*Data block:*
=== Section Start ===

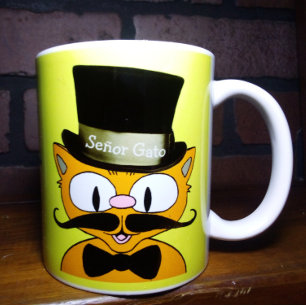 Señor Gato Tecknad Mustache Cat Top hat Bow Tie Kaffemugg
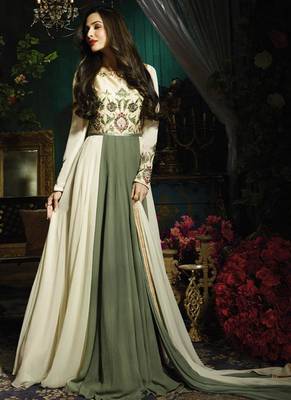 Ivory embroidered georgette salwar 1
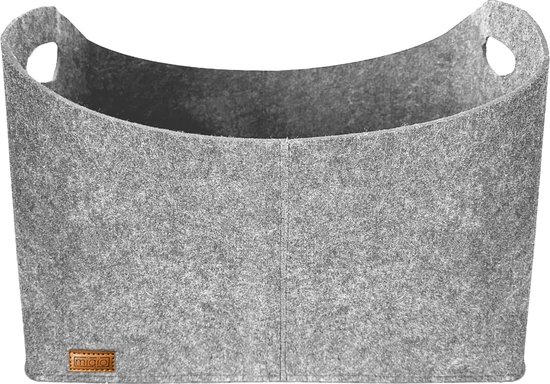 DuneDesign Vilten Tas Tot 25kg - XL Vilten Mand Voor Brandhout Shopper Boodschappentas Grijs Rood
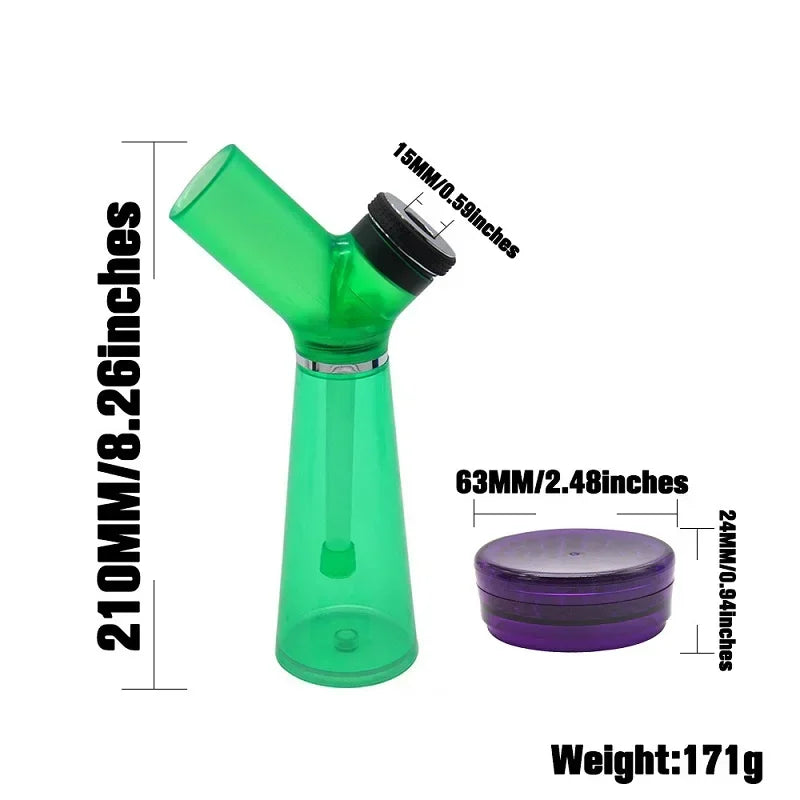 JOK JUK Acrylic Water Smoking Pipe with Dry Herb Grinder Protable Handheld Hookah Kettle Tobacco Shop Smoke Grass Accessories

=== Section End ===

*Problem:*
Every line from the one bearing "Ivory embroidered georgette salwar 1" through the end of the data above must be output exactly, and no picture may appear.

*Answer section:*
 Ivory embroidered georgette salwar 1
 DuneDesign Vilten Tas Tot 25kg - XL Vilten Mand Voor Brandhout Shopper Boodschappentas Grijs Rood
 JOK JUK Acrylic Water Smoking Pipe with Dry Herb Grinder Protable Handheld Hookah Kettle Tobacco Shop Smoke Grass Accessories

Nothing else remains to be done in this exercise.